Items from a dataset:

* * *

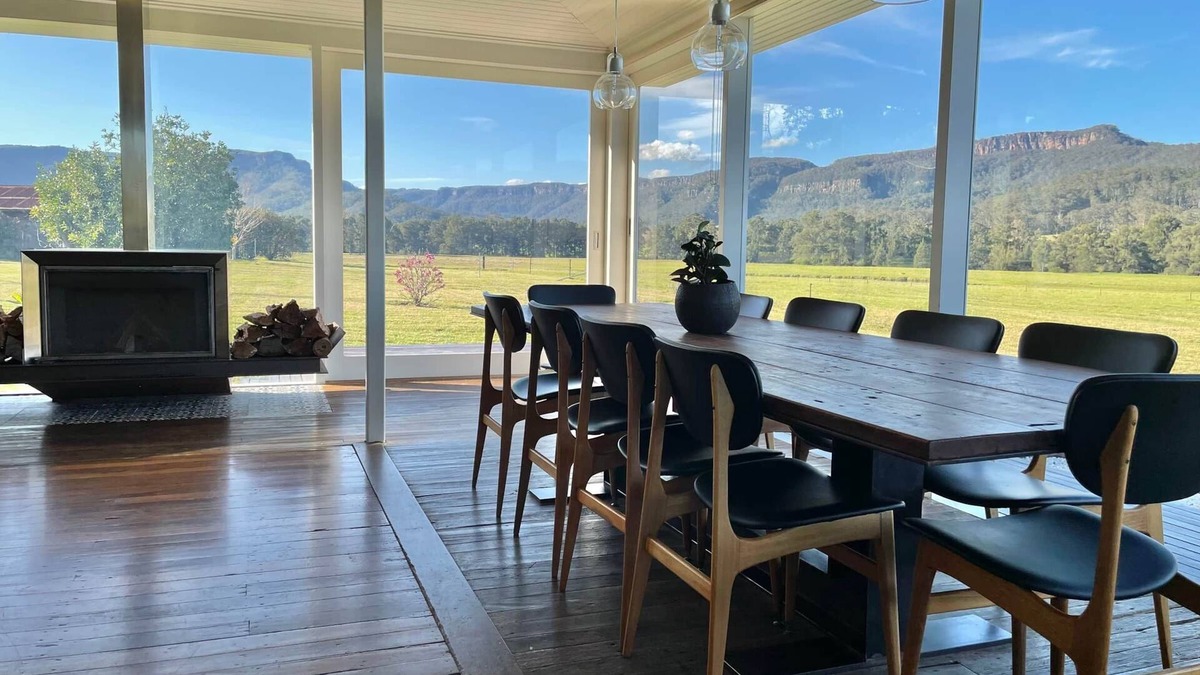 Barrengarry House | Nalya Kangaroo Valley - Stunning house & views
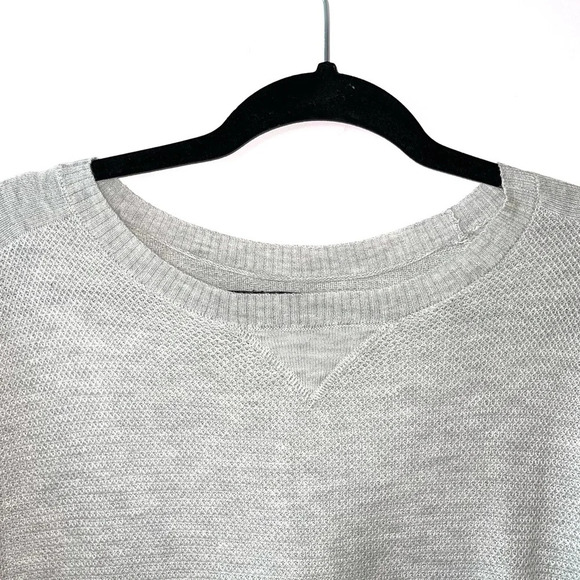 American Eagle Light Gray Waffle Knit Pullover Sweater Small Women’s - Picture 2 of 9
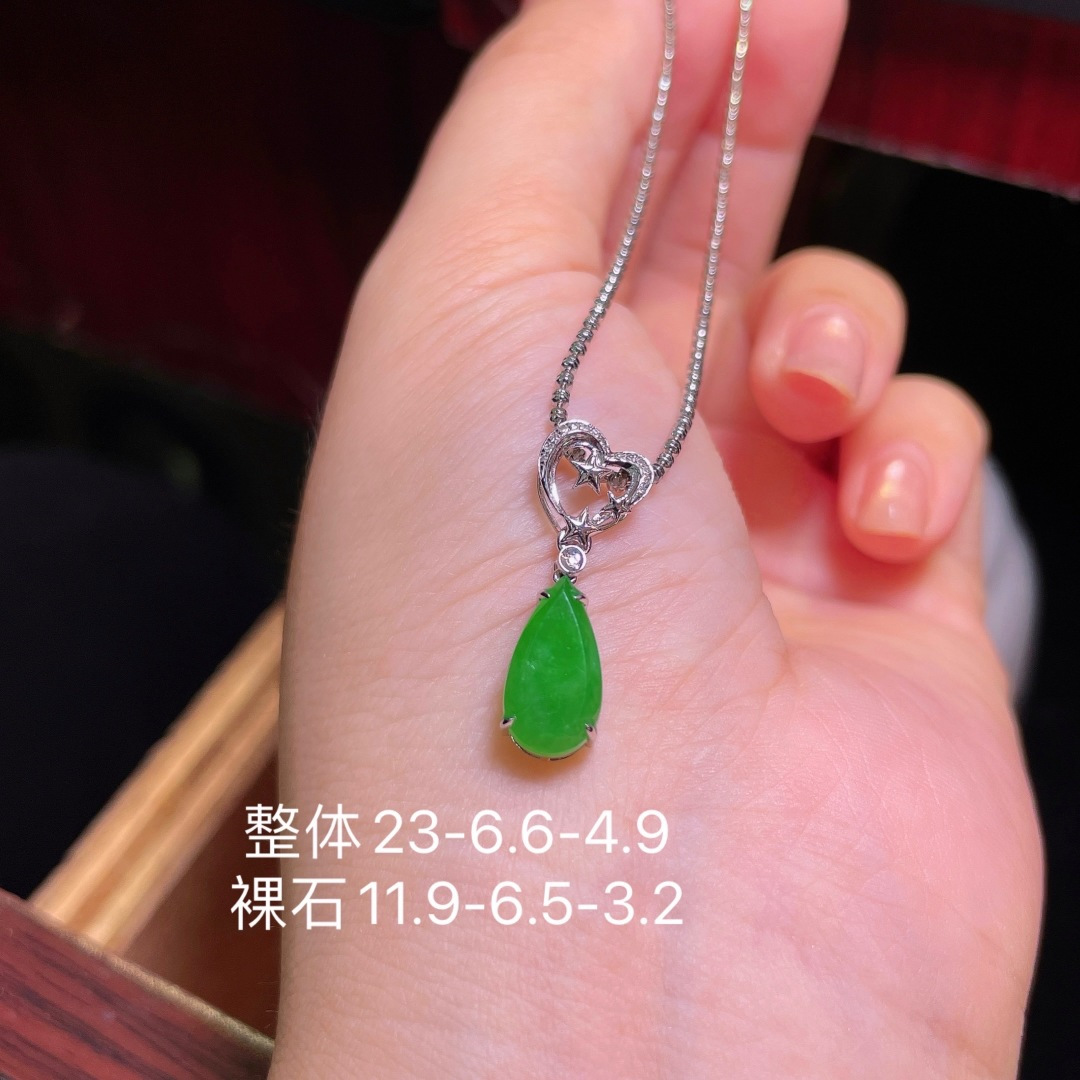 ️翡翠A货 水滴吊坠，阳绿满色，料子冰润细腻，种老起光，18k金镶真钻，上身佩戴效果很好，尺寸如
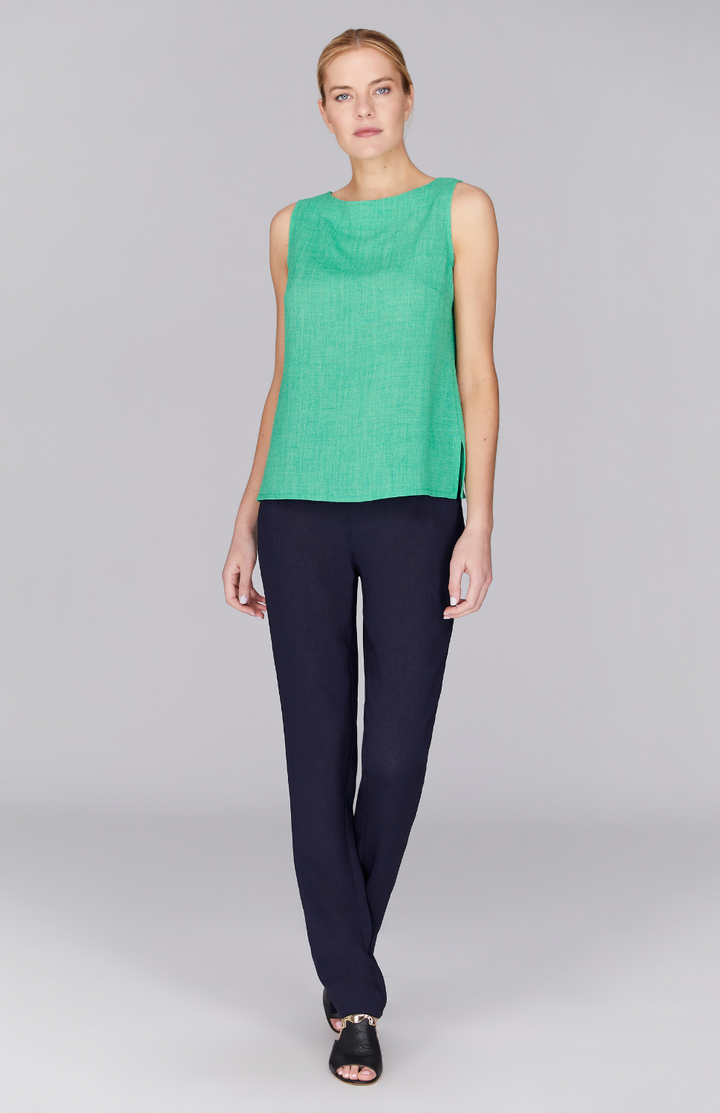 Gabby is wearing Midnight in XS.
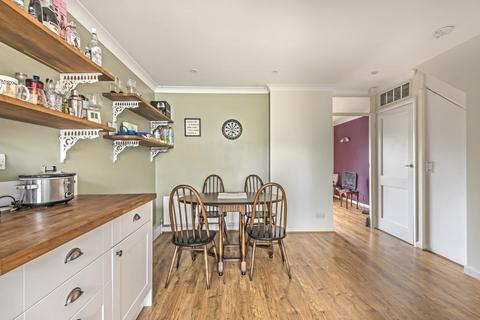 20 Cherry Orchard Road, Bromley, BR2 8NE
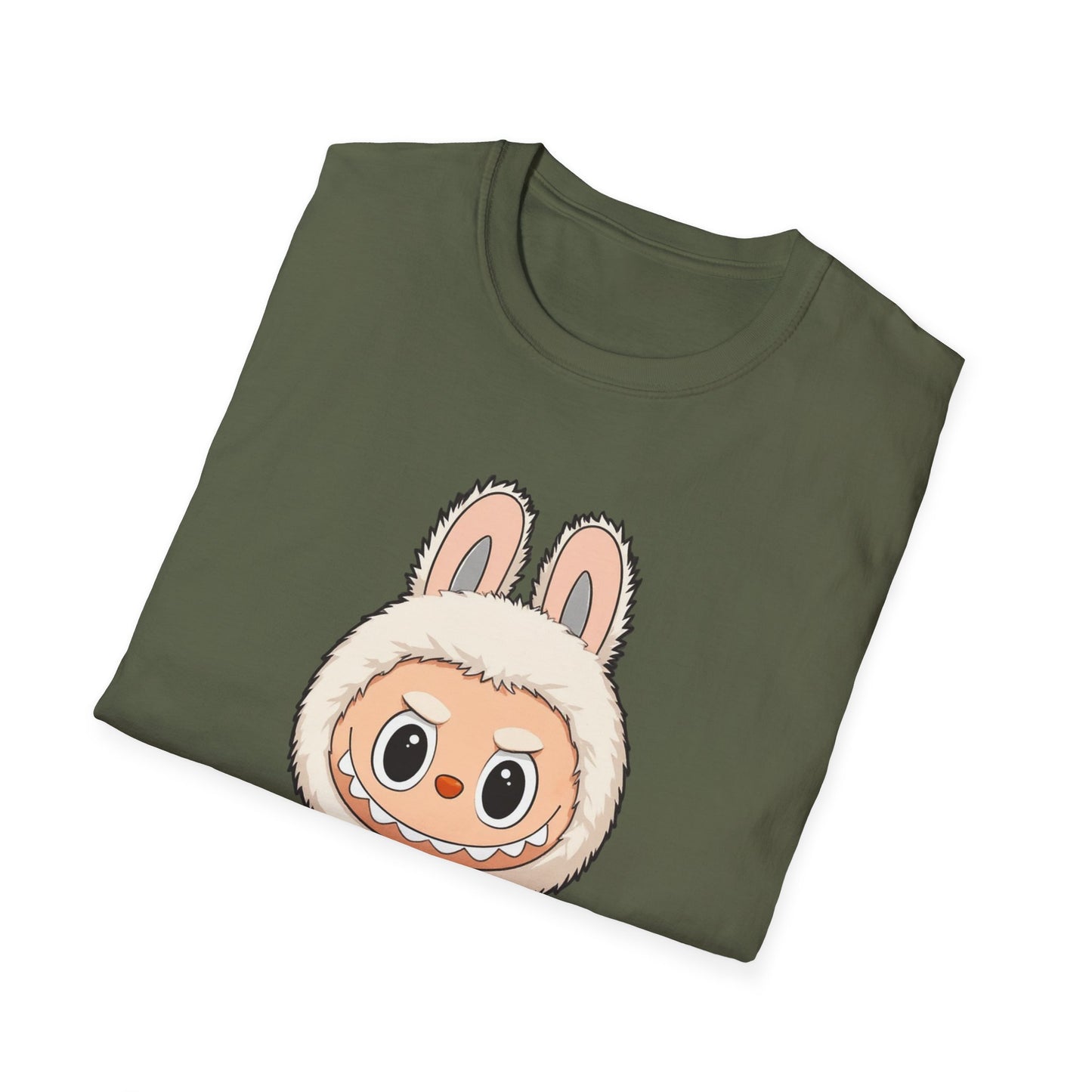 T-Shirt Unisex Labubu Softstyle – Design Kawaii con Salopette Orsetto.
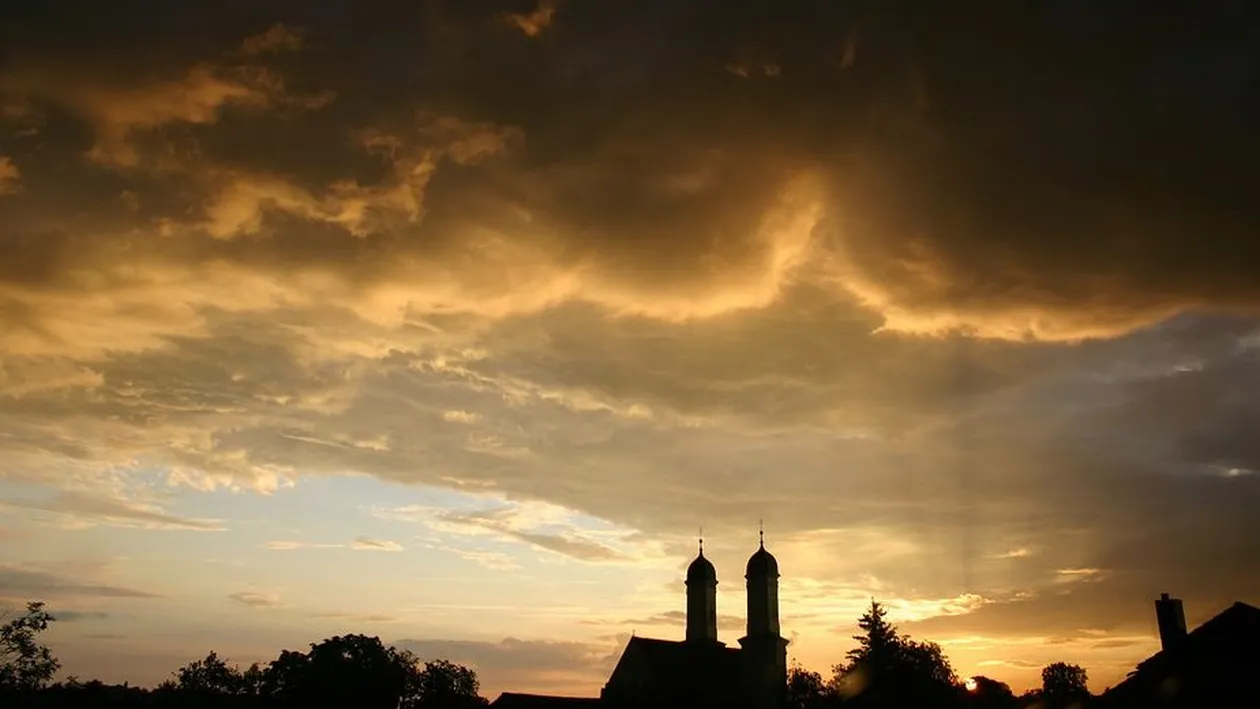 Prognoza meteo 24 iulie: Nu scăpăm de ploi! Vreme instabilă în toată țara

* * *

**Goal of the exercise**
Leaving the pictures out, set down exactly the lines from the one with "American Eagle Light" through the end of the records.

**Task solution**
 American Eagle Light Gray Waffle Knit Pullover Sweater Small Women’s - Picture 2 of 9
 ️翡翠A货 水滴吊坠，阳绿满色，料子冰润细腻，种老起光，18k金镶真钻，上身佩戴效果很好，尺寸如
 Gabby is wearing Midnight in XS.
 20 Cherry Orchard Road, Bromley, BR2 8NE
 T-Shirt Unisex Labubu Softstyle – Design Kawaii con Salopette Orsetto.
 Prognoza meteo 24 iulie: Nu scăpăm de ploi! Vreme instabilă în toată țara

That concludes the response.